Fister / CHRCH – Split (Crown and Throne Ltd / Battleground Records, 17 November 2017)
New year, new review! Here we have a split record between a pair of bands: Saint Louisian ugly-sludge architects Fister and fellow slow-doom-ahaulics CHRCH from Sacramento. While the first of these has been written about quite often on this site, up until this record’s release about a month and a half ago, that second name was brand-new to us here in the Valley. As it turns out, the name is (relatively) new to the band as well: their 2015 debut album was released under the name Church, and today’s subject is their first official recording with the abbreviated, vowelless moniker. It won’t be quite so long to wait until their next one, though: as of last month, word on the street says the band has signed with Neurot Recordings to put out another album this spring. But before we get ahead of ourselves, we’re supposed to be talking about this split 12″, containing exactly one gargantuan track by each of the two contributing bands.
Side A features CHRCH‘s “Temples” (no pun intended) which runs about seventeen minutes and some change. Bookended by several minutes of slow, introspective, mellow, and mournful sounds — with minimalistic bass/guitar interplay and subtle drums — the central ten minutes of the track are essentially slow and mournful as well, just much more intense. The vocals for the most part come in the form of a tortured blackened howl. Nearing the middle of the song, some extra guitar parts kick in, creating a much denser arrangement and adding more levels of dissonance; throughout most of the crushingly slow second half, we have a massive conglomerate of piles and piles of noisy sound, until ultimately returning to the mellow and melancholy mood of the opening.

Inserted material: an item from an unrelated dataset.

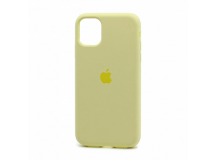 Чехол Silicone Case с лого для Apple iPhone 11 Pro Max/6.5 (пол.защ)(051)св.жел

Tipping the scales at over twenty-one minutes, Fister‘s “The Ditch” is characteristically full of feedback and scratchy, noisy, painful bleakness. Howls and screeches. This goes on for several minutes, before slowing even more, the vocals sinking to even deeper groans and growls. After a tremoloey, single-note chromatic guitar solo, the track soon mellows significantly, with the drums disappearing to leave a minimal, otherworldly vibe behind. Complete with cymbal rolls and distorted organ sounds, and background noises that for some reason bring to mind a narrow, secluded cove with waves lapping against the shore. The song continues plodding along, minute after minute, building almost imperceptibly, until like 5/7 of the way through, when distortion and feedback return, underscoring the same repeated pattern that had been happening previously with a new degree of heaviness. Shortly thereafter, the vocals return; at the risk of continually repeating myself, the best words to describe the sound are very slow, deliberate and excruciating. Especially the last minute or so, where the full band just keeps punching you in your ears again and again, in perfect syncopation. Punch. Punch. Punch. Punchpunchpunch-Punch.